-- Entries provided follows --

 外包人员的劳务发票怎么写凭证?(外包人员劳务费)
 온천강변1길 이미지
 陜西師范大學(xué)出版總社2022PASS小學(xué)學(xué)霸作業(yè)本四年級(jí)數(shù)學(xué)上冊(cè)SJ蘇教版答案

-- Entries provided concluded --
-- Entries provided follows --

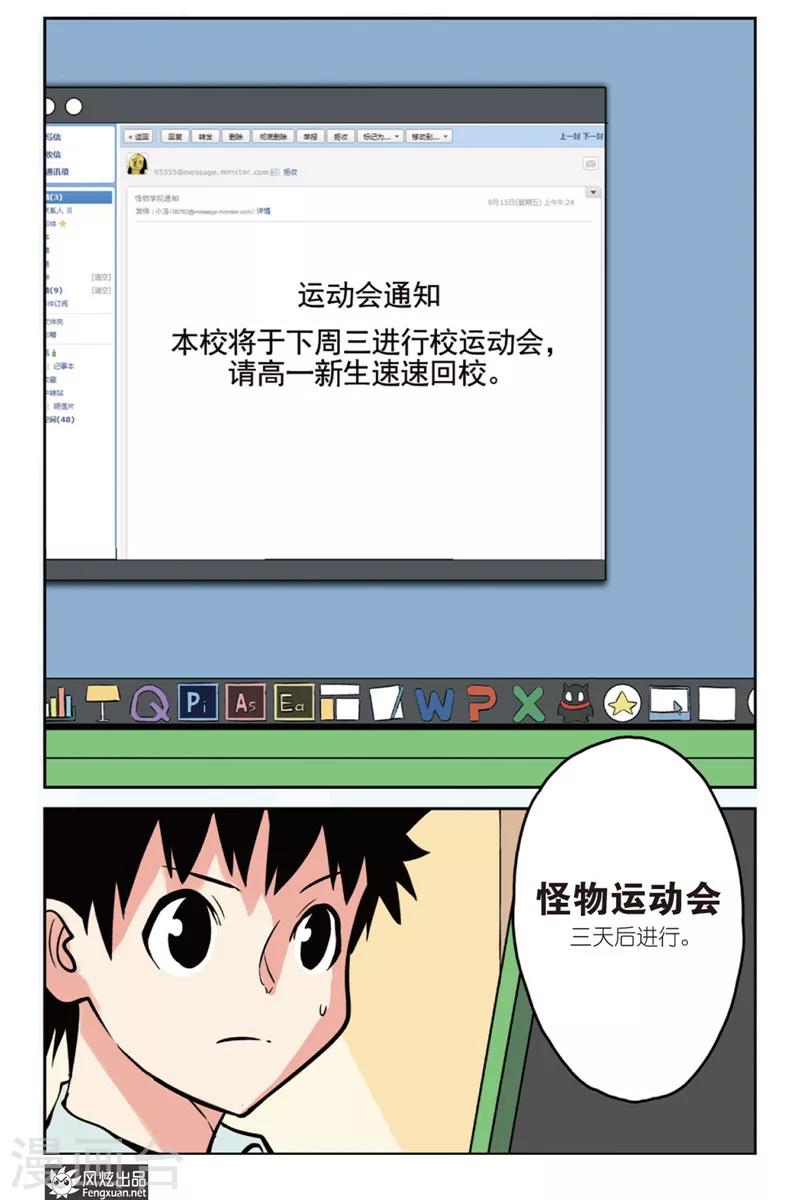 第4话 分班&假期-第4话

-- Entries provided concluded --
-- Entries provided follows --

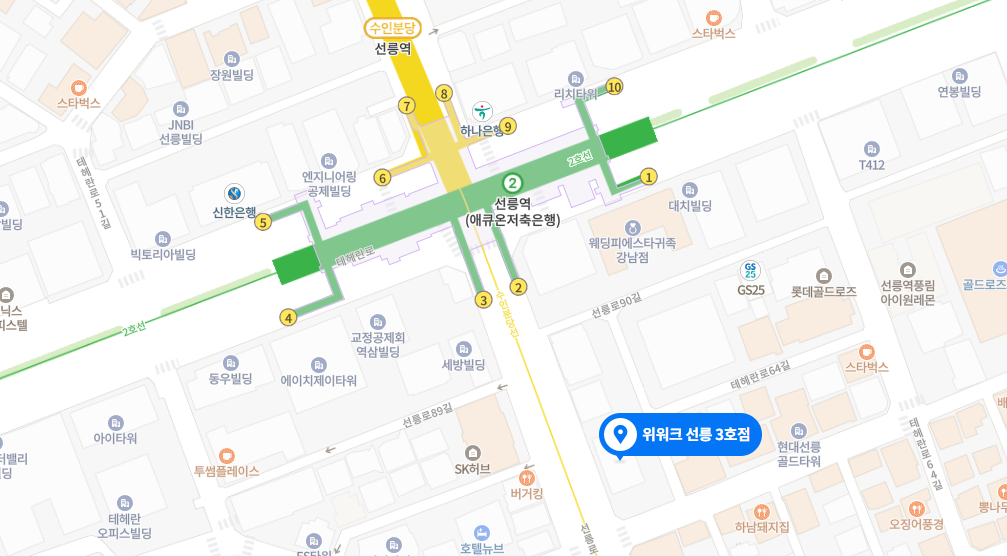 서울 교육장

-- Entries provided concluded --

What you will do -
Print exactly the lines above, between the one holding "外包人员的劳务发票怎么写凭证?(外包人员劳务费)" and the one holding "陜西師范大學(xué)出版總", inclusive, and nothing besides.

Task response -
 外包人员的劳务发票怎么写凭证?(外包人员劳务费)
 온천강변1길 이미지
 陜西師范大學(xué)出版總社2022PASS小學(xué)學(xué)霸作業(yè)本四年級(jí)數(shù)學(xué)上冊(cè)SJ蘇教版答案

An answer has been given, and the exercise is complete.